Among the conductive elements supported by the PCB, are electrical
leads and/or terminals that that are effective to connect the PCB
to a battery.
[0065] As an example, a printed circuit board (7) will be described
that supports various elements in a preferred (but not exclusive)
arrangement. The PCB itself may have any shape or dimensions that
are convenient to manufacture and assemble into the PCB housing
(5), with the requirement that the PCB is able to extend from the
electric current source (8), to a distance beyond the distal end of
the PCB housing. This distance depends on the overall length and
design of the system. In general, the PCB cannot be so long that it
would bottom out in the applicator head (3) before the PCB housing
and neck extension (2) form a rigid connection.
[0066] Referring to FIGS. 4 and 5, all or most of the electronic
elements or components except the resistive heating element(s) (7c)

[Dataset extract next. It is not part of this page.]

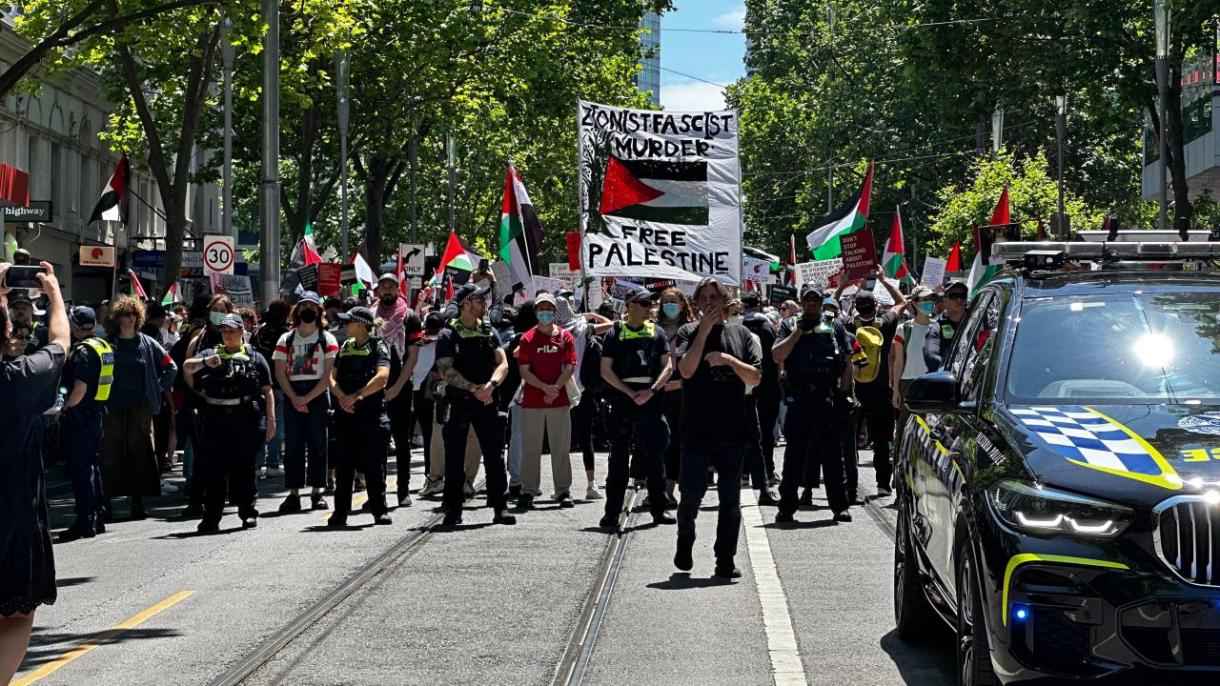 4 embert vettek őrizetbe az ausztráliai Melbourne-ben Palesztina támogatására szervezett tüntetésen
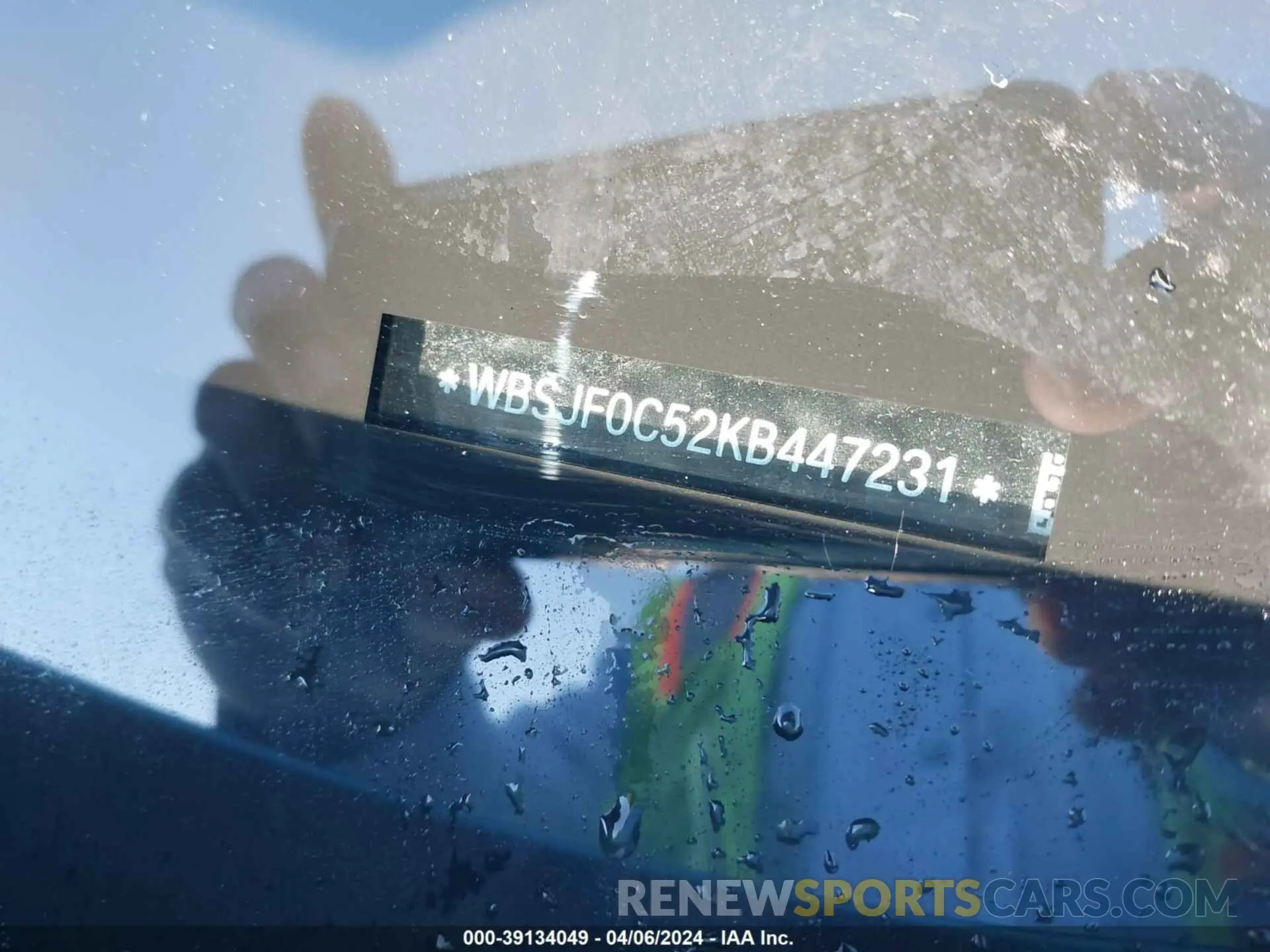 9 Photograph of a damaged car WBSJF0C52KB447231 BMW M5 2019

may be located on the enlarged portion (7a) of the printed circuit
board, near the upper end of the board. The largest lateral
dimension of the enlarged portion of the PCB must be less than an
interior dimension of that part of the handle (4) in which it
resides. A relatively narrow, elongated section (7e) of the PCB
extends from the enlarged portion, through the PCB housing (5), and
emerges from the lower end of the PCB housing. A portion (7b) of
the PCB that emerges from the lower end of the PCB housing, holds
the heat generating portion (7c). Preferably, none of the heat
generating portion is inside the PCB housing, as this would tend to
reduce the heating efficiency of the system.
[0067] FIG. 6 shows one possible electronic circuit useful in the
present invention, which could be laid out on a printed circuit
board (7). FIG. 5 shows one possible layout of electronic elements
on the PCB. Electric current from a power source (8), (a
rechargeable battery, for example) enters the printed circuit board
at a PCB terminal (T1). This terminal may occupy an edge of an
enlarged portion (7a) of the PCB. In a preferred embodiment, the
positive terminal of the battery (8) may alternately occupy at
least one "on" position and at least one "off" position, according
to the positioning of a switch. That is, movement of the switch may
physically move the battery. In an "on" position, the positive
terminal of the battery physically contacts terminal T1 of the PCB.

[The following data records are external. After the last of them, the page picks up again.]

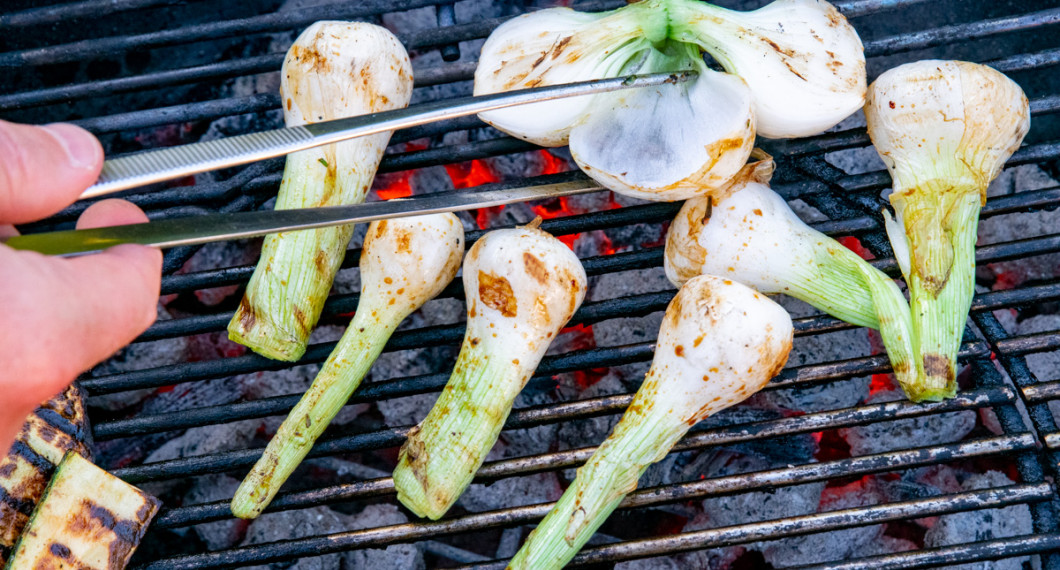 Knipplökarna grillas till fin färg på utegrillen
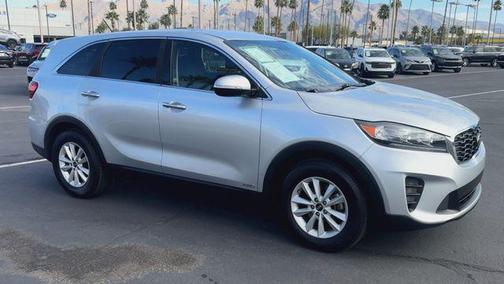2019 Kia Sorento LX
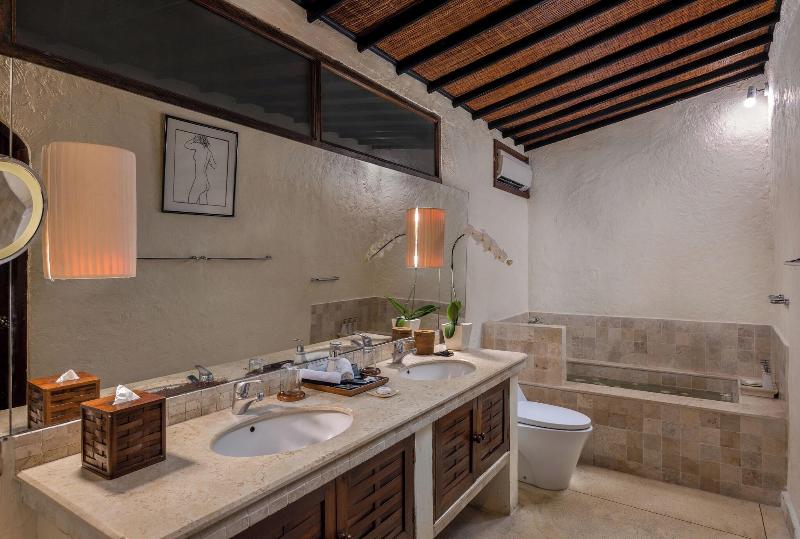 Impiana Private Villas Seminyak - Oda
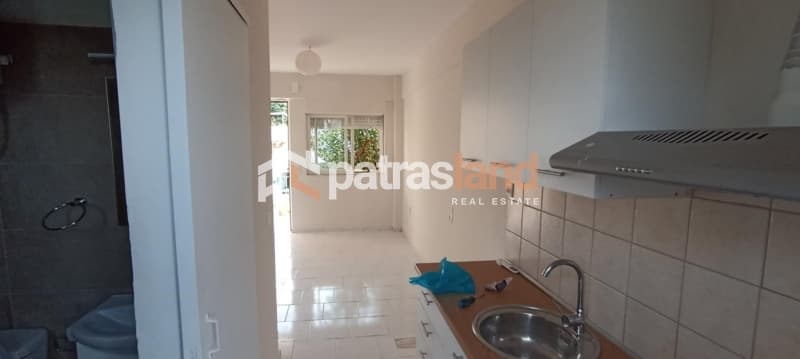 Apartment in T.E.I., Patra — Photo 4 of 17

In the "off" position, the positive terminal of the battery has no
physical contact with a terminal of the PCB. This embodiment has
the advantage that it does not require additional conductors
between the positive terminal of the battery and circuit board.
Alternate embodiments for the functioning of switch are possible,
according to the well known operation of switches.
[0068] Resistor R7 and parallel capacitors C1 and C2, interact with
a power inverter U1, to automatically shut off current to the heat
generating portion (7c) when the capacitors are full. The
capacitors may be, for example, ceramic chip capacitors, fastened
to or otherwise associated with the PCB. The rated capacitances are
chosen to control the length of time from when the switchable
circuit is first closed, to when the switchable circuit (and the
heat generating portion) will automatically turn off. This overhead
timer, automatic shut off feature is optional, and prevents the
battery from running down if the user fails to turn off the
circuit. Since a user needs time to apply the product after it has
been heated, the circuit may be designed to turn off the heat
generating portion some amount of time after the heat generating
portion has reached a predetermined temperature. This length of
time can be chosen according to need, but may typically be from
about 2 to 5 minutes. Furthermore, depending on the level of
sophistication employed, an overhead timer such as the
capacitor-based one shown in FIG. 5, may require a reset period,
following an automatic shut off, in which the heating elements
cannot be activated (i.e. cannot be "turned on"). The reset time,
which may be several seconds, allows the capacitors to
discharge.
[0069] RT1 is an NTC thermistor. Preferably, the NTC thermistor is
physically located in close proximity to the heating elements (7c).
For example, in the circuit diagram of FIG. 6, a space is shown
between heating elements RH9 and RH10. The NTC thermistor may be
located in that space, or any space where it could detect slight
variations in the ambient temperature of the space surrounding the
heating elements. The NTC thermistor and a fixed value resistor R3,
are configured as a voltage divider circuit that creates a voltage
level that is proportional to and/or varies with the temperature of
the heating elements. That voltage level is monitored by an
operational amplifier and is passed to the operational amplifier at
the inverting input (pin 3 of U2). A threshold reference voltage is
produced by another voltage divider circuit at R4 and R5, and this
voltage is connected to the non-inverting input (pin 7 of U2) of
the operational amplifier. In this way, the operational amplifier
is used as a voltage comparator. When the output voltage of the
voltage divider circuit that includes the negative temperature
thermistor crosses the reference voltage (either rising above or
falling below), then the output of the operational amplifier (pin 2
on U2) changes state. The output of the op amp is passed to an
N-channel MOSFET switch (at pin 6 of U2), and is used to control
the state of MOSFET switch. When the switch is closed, current
flows from the switch (at pin 4 of U2) to the resistive heating
elements (7c). When the switch is opened, current cannot flow to
the resistive heating elements. An edge of the enlarged portion
(7a) of the PCB (7) is provided with a second terminal (T2), which
leads to the negative battery terminal through the metal strip (4d)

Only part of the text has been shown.